DOE Prominent in "Closing the Circle" Awards

November 11, 2003

On June 10, 2003, DOE and other federal agencies received White House "Closing the Circle" awards for their outstanding environmental stewardship. Twenty-six teams were honored for oustanding military and civilian facility efforts in such categories as environmental management systems, education and outreach, purchase of environmentally preferable and bio-based products, sustainable design for buildlings, waste and pollution prevention, and recycling. This ninth annual White House ceremony was held in the Eisenhower Executive Office Building in Washington, DC.

John L. Howard, Jr., the Federal Environmental Executive, noted: "The Closing the Circle award winners have demonstrated that the Federal government can lead by example. We're proud of all that they're doing to improve the quality of life in each of their communities."

In the category of Education and Outreach, the Federal Network for Sustainability (FNC) was recognized for working to promote environmental stewardship in the federal government. The four agencies accepting the award for the FNS were the Department of Energy, Navy, Environmental Protection Agency, and the National Park Service. The FNS is an alliance of 13 West Coast federal agencies who share staff, authorities, and experience to collectively reduce waste, pollution, and energy consumption. The principal goal of the Network is to use the consumer power of the federal government to promote sustainable practices. In 2002, they focused their efforts on promoting use of 100 percent recycled content copier paper, Environmental Management Systems, electronics equipment disposal, and green power purchases.

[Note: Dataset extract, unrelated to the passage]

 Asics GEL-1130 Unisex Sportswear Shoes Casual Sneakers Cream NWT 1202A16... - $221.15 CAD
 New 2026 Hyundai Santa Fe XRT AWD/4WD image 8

DOE's Sandia National Laboratories also was honored at the ceremony. The Model Validation and Systems Certification Project represented the Lab's first attempt to incorporate sustainability into a local major construction project, and received an award for Sustainable Design/Green Buildings. The project requirements and the design and construction processes included sustainable design features based on the U.S. Green Building Council's Leadership in Energy and Environmental Design" rating system. The model validation project was constructed by renovating an existing facility at the lab. In particular, the sustainable design specifications addressed site considerations, the building envelope, energy efficiency, indoor air quality, safeguarding water, procurement of recycled content items, and recycling of construction material. The process developed during the model validation has become a standard for other Sandia projects, with eight more buildings at Sandia now being evaluated using the same process.